Ainda na quinta-feira, mais uma primeira aula - foram tantas e ainda virão outras -, dessa vez na universidade. Turma de Design Gráfico do UniAnchieta, aula de Design Editorial e eu lá, com meu blazer - motivo de zoação dos meus colegas professores sem apreço estético -, sentado à minha mesa falando pelos cotovelos sobre a importância da diagramação.
O contato com os alunos da faculdade é infinitamente menos caloroso do que com os alunos do colégio. A hierarquia na universidade é muito mais latente e aparente. Mas mesmo assim, ao final da aula minha mesa foi invadida por alunos querendo comentar mais sobre o que havíamos discutido e entre explicações e opiniões, pude ouvir alguns "adorei sua aula, professor!". Acredite, eu também me diverti.

Por fim, sexta-feira. Mais uma vez eu estava na Unidade 1 do Domus. Minha primeira aula era com o 3º Ano do Ensino Médio e só começaria às 8h05. Ansioso como eu estava, cheguei quase meia hora antes - isso porque eu moro pertinho - e tive que esperar. Ainda atrapalhado com os horários, eu pensei que a aula começava às 7h55 e por isso eu subi para a sala cedo demais. Quando me dei conta, estava eu sozinho no corredor, olhando para aquela porta laranja.
A mesma porta laranja que abrigou, no ano passado, também uma turma do "terceirão". A turma que, seguramente, mudou a minha vida e me fez sentir parte integrante daquele colégio. Eu amo o Domus e muito por causa dessa turma. Talvez eles saibam, mas vou frisar aqui: trabalhar onde eu trabalho é sempre um instante de vida que vale a pena viver e foram eles [terceirão] que fizeram isso acontecer.
Enquanto eu olhava para aquela porta, várias lembranças deles invadiram meu coração e eu me peguei dando aquele sorriso bobo e sincero. Mas na sequência caiu a ficha de que eles não estariam mais ali. O mundo congelou por microsegundos.

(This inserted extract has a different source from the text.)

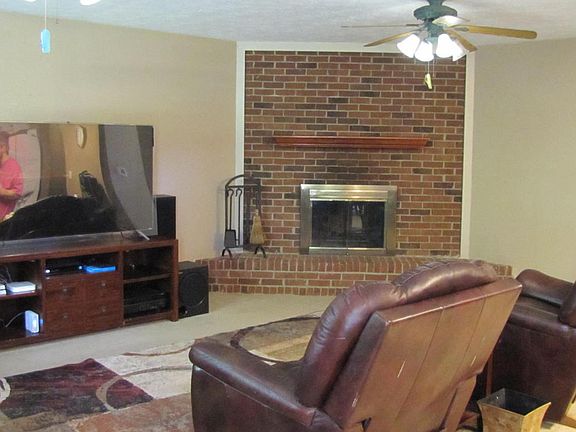 3rd image of 8620 Peppertree Ln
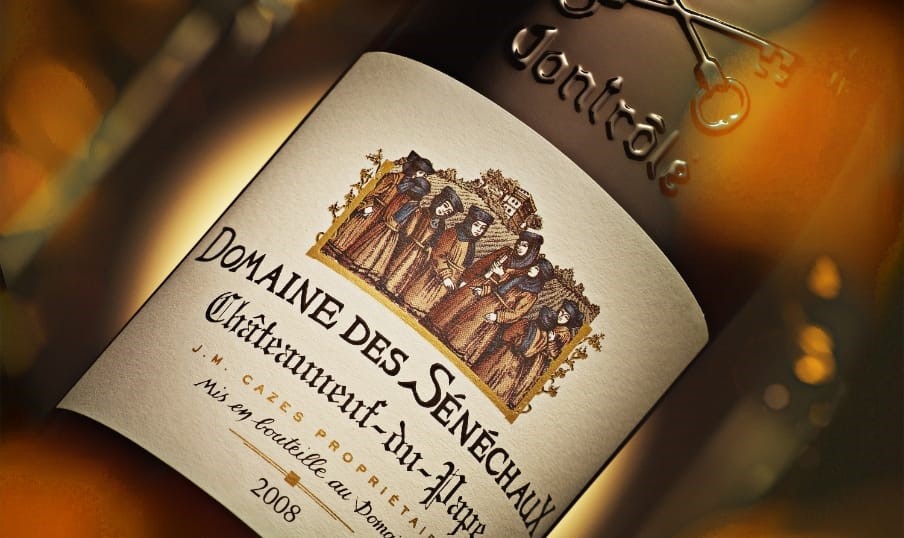 En el sur, la elaboración de tintos y blancos se basa en el concepto de mezcla. Châteauneuf-du-Pape, por ejemplo, utiliza unos trece cepajes, incluidos algunos blancos.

O sinal bateu, o professor de física saiu da sala e eu precisava entrar. Não queria, pois sabia que ela estaria vazia da turma que eu tanto amei. Como poderia entrar lá e não vê-los? Eu estava tomado por muitos "pensamentos pensantes", parafraseando uma das ex-alunas dessa turma que se formou, a Helô. Sem ter o que fazer, dei um passo e fui de encontro ao vazio.

"Professor... vou lá no banheiro rapidinho". "Eu também vou, sor. Rapidão", disseram o César e o Fábio. Eu não respondi de imediato, foi tudo muito rápido. Eu ainda estava processando o luto. Eles não tiveram minha resposta e ficaram esperando, ali no corredor mesmo, até que eu soltei. "Mas nem bom dia os caras dão...", César sorriu, abriu os braços e falou que eu merecia um abraço. Fábio seguiu o amigo, me abraçou e foi aí que eu lembrei.
Lembrei que quem ocupava aquela sala "vazia" eram alunos tão amados por mim quanto os que se foram. Entrei na sala e vi o restante da turma, sorrindo pra mim. O medo passou, o reencontro aconteceu e eu senti que aquela sala tinha vida novamente.
A aula foi sobre mitologia grega e a razão filosófica. Contei o mito da criação do mundo segundo os gregos. A história que começa com o Caos e que termina com a Ordem.
Câmbio, desligo!
Conhecimento é Conquista! -FS
P.s.: teve outra coisa importante que aconteceu, mas como ainda não foi concretizada de fato, não contarei por enquanto. Posso adiantar que é sobre o fim de algo. Volto aqui para contar tudo em breve.